Widać więc, że kontynuowanie nauki oznacza dla byłych wychowanków domów dziecka i rodzin zastępczych życie za głodową stawkę. Jednak bez podniesienia kwalifikacji nie mogą oni liczyć na pracę lepiej płatną niż zasiłek dla bezrobotnych. „Często oferta pracy za najniższą dopuszczalną prawem stawkę nie jest opłacalna dla osoby bezrobotnej, gdyż jest niewiele wyższa od dochodów uzyskiwanych z innych źródeł, głównie z pomocy społecznej”, podaje raport. W efekcie ci młodzi ludzie pozbawieni realnego wsparcia państwa szybko przestają wierzyć, że mogą wyjść na prostą, i poprzestają na najgorzej płatnych pracach fizycznych, pozornie potwierdzając przekonanie, że są roszczeniowi.

– Panuje przeświadczenie, że byli wychowankowie domów dziecka i rodzin zastępczych to niewdzięczne, roszczeniowe osoby. My sami nie byliśmy na początku pewni, co z tego będzie – przyznaje Karolina Gadalska. – Ale okazało się, że kończą te kursy często z lepszymi wynikami niż klienci komercyjni. Wiedzą, że mogą nie mieć kolejnej takiej szansy.

Wiara

Osiągnięcie pierwszego zawodowego sukcesu – np. w postaci zdobycia nieźle płatnej pracy – nie tylko daje możliwość usamodzielnienia się, ale też zmienia myślenie o sobie. – Miałam poczucie, że jestem jakaś gorsza niż ci wszyscy inni, a to, co przeżyłam, mam wypisane na twarzy – mówi Ania. – Ale przeszłam przez wszystkie etapy, mimo że nie interesowałam się wcześniej programowaniem, a kurs był naprawdę trudny.

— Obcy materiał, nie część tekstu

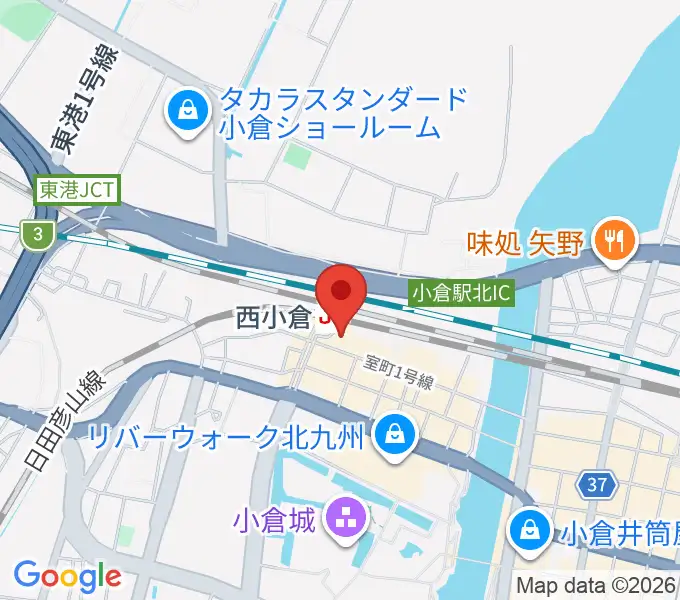 小倉 LIVE SPOT WOW！の地図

– Tego kursu nie przeszedłby każdy – podkreśla z satysfakcją Piotrek. – Nie można się poddawać.

„Było ciężko, ale ja dałem radę” i „nikt mi nie powie, że dostałem to za nic” – te zdania najczęściej pojawiają się w opowieściach beneficjentów projektu.

Karolina Gadalska: – Trafiają do nas wycofani, z poczuciem, że nic im się nie należy. A potem, w miarę przechodzenia kolejnych etapów projektu, rozwijają skrzydła, zaczynają wierzyć, że zasługują na to samo, co każdy inny.

Jest jednak jeszcze coś – historia Ani i Piotrka pokazuje nie tylko to, że warto inwestować w wyrównywanie szans, ale również to, że tzw. społeczna odpowiedzialność biznesu nie musi się składać wyłącznie z wielkodusznych jednorazowych gestów.

Jakub Folczak: – Firmy, które z nami współpracują, wiedzą, że finansują kursy przyszłych pełnowartościowych pracowników, z których umiejętności skorzystają także ich przyszli pracodawcy. Kurs wybrany przez beneficjenta fundacji trwa od dwóch do ośmiu tygodni. To osiem godzin dziennie, z egzaminami, testami i projektem końcowym. Ukończenie go kosztuje wiele pracy. Zapewniamy wprawdzie naszym podopiecznym wszystko, czego sami zapewnić sobie nie mogą, ale przejście tych etapów to już wyłącznie ich zasługa.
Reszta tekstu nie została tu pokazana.